Young though he was, his radiant energy produced such an impression of absolute reliability that Hedgewar made him the first sarkaryavah, or general secretary, of the RSS.
- Gopal Mukund Huddar
Largely because of the influence of communists in London, Huddar's conversion into an enthusiastic supporter of the fight against fascism was quick and smooth. The ease with which he crossed from one worldview to another betrays the fact that he had not properly understood the world he had grown in.
Huddar would have been 101 now had he been alive. But then centenaries are not celebrated only to register how old so and so would have been and when. They are usually celebrated to explore how much poorer our lives are without them. Maharashtrian public life is poorer without him.
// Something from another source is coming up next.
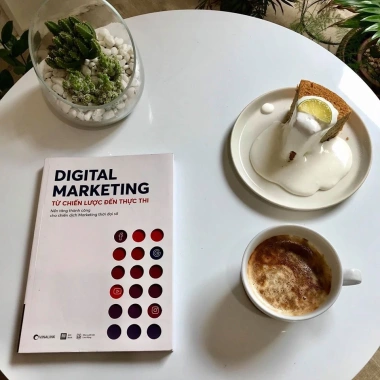 Sách Digital Marketing: Chiến Lược Đến Thực Thi - Giá 165.000 VNĐ, Giảm Giá Đặc Biệt 8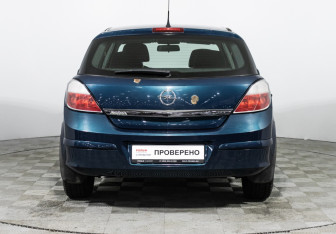 Подержанный автомобиль Opel Astra Hatchback 2007 года (6 фото)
It is poorer for not having made the effort to recall an extraordinary life.
I regret I was not there to listen to Balaji Huddar's speech [...] No matter how many times you listen to him, his speeches are so delightful that you feel like listening to them again and again.
By the time he came out of Franco's prison, Huddar had relinquished many of his old ideas. He displayed a worldview completely different from that of the RSS, even though he continued to remain deferential to Hedgewar and maintained a personal relationship with him.